DIE KIRMESFEIER hat sich aus bescheidenen Anfängen im Laufe der Zeit weiterentwickelt. In den Statuten von 1887 heißt es: Am Nachbarschaftstag wird morgens eine Heilig Messe gefeiert, an der sich alle Nachbarn – wenn möglich – zu beteiligen haben. Um neun Uhr finden sich die Nachbarn im Lokal des Kirmeswirtes „zum gemeinsamen Gebet und den weiteren Verhandlungen von Vereinsangelegenheiten“ ein. Die Jahresrechnung von 1937 lässt eine Ausweitung der Kirmes erkennen und macht deutlich, dass die Dienstleistungen der Nachbarn, die in Geld zu bezahlen waren, zunehmen. Über die Hälfte der Ausgaben von knapp 200 Mark wird für das Kirmesfrühstück verwendet. Man hat zur Kirmes Einladungen drucken lassen. Dem zu Kirmes erscheinenden Bürgermeister der Stadt wird ein Flasche Wein spendiert. Mit dem gemütlichen Abend am Kirmesdienstag ist eine Verlosung verbunden.

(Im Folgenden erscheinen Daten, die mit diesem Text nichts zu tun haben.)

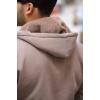 İçi Peluş Üç İp Kumaş Oversize Fermuarlı Kapüşonlu Sweatshirt- Bej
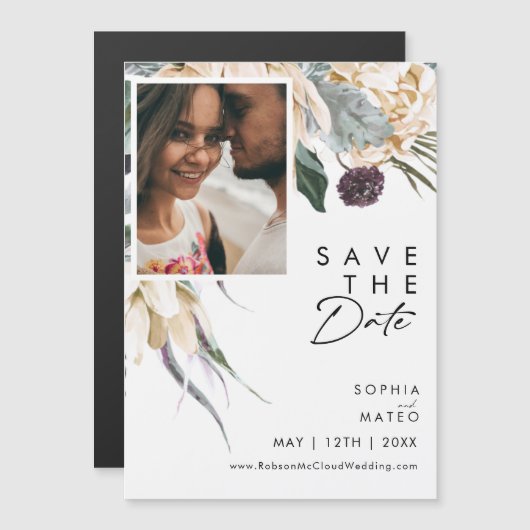Weiße Blumige Save The Date Magnet (Vorne/Hinten)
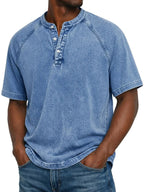 Washed Grey Henley Button Placket Raglan Sleeve T-Shirt for Men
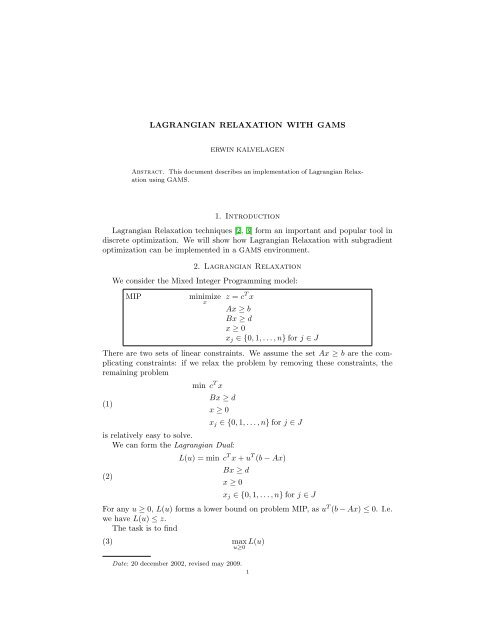 Lagrangian Relaxation with GAMS - Amsterdam Optimization ...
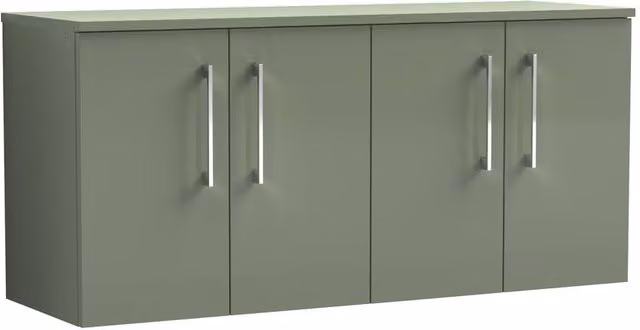 Balterley Level 1200mm Wall Hung 4 Door Vanity Unit with Worktop in Matt Satin Green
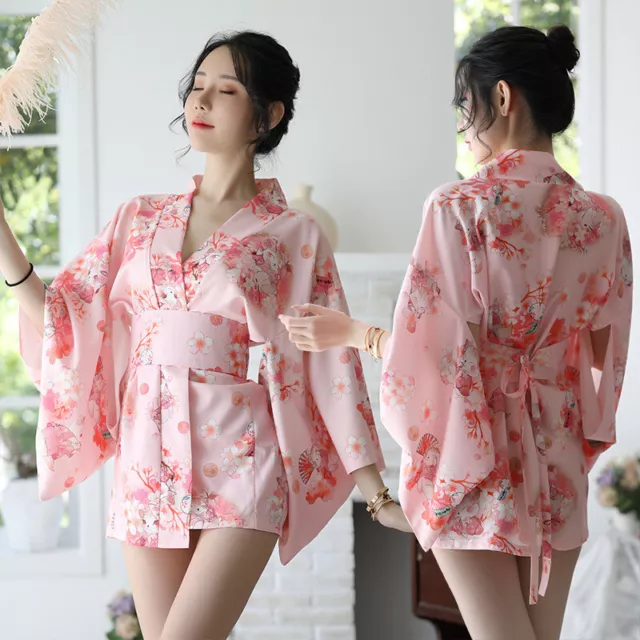 Women Sexy Nightgown Japanese Sakura Flower Kimono Dress Sleepwear Cosplay Pink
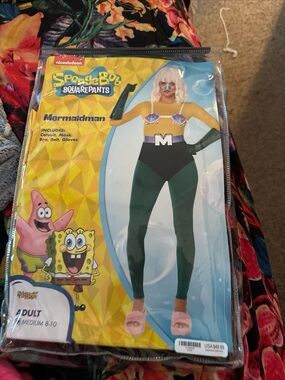 Nickelodeon SpongeBob SquarePants Mermaidman adult Costume size 8-10 no mask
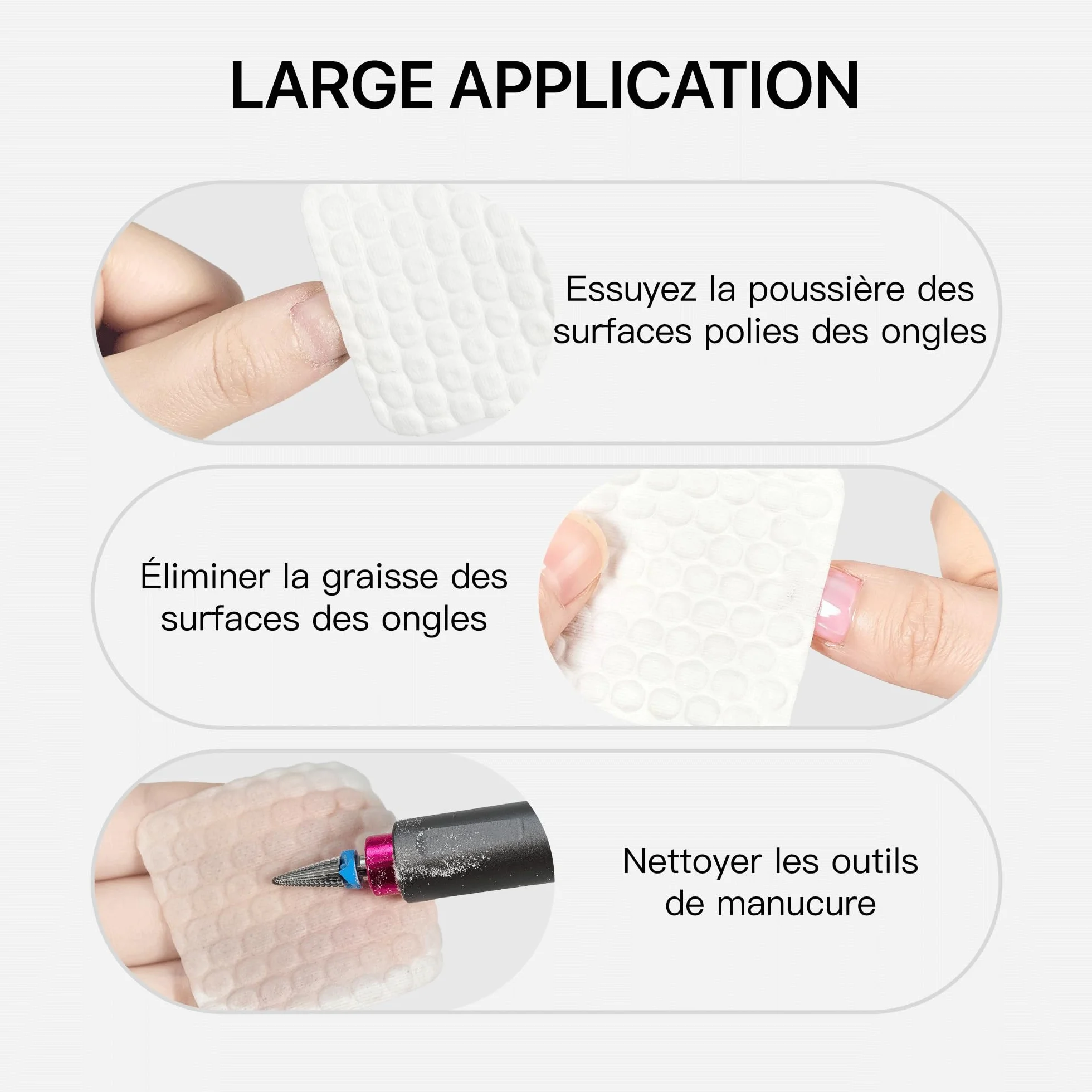 HALMAI Lingettes Ongles Sans Peluches Sans Acétone Compatibles Acétone Tampons Dissolvant Water-Lock Haute Absorption Retrait Ongles Gel Acrylique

Zum jetzigen Zeitpunkt feiert die „Obere Niedersburger Nachbarschaft“ alljährlich am ersten Wochenende im August die wohl größte Kirmes in der Stadt Boppard auf dem „Remigius-Platz“ am nördlichen Ende der Stadt mit Live-Musik, Auto-Scooter, Kinder-Karussell, Schießbude, Losbude u.v.m.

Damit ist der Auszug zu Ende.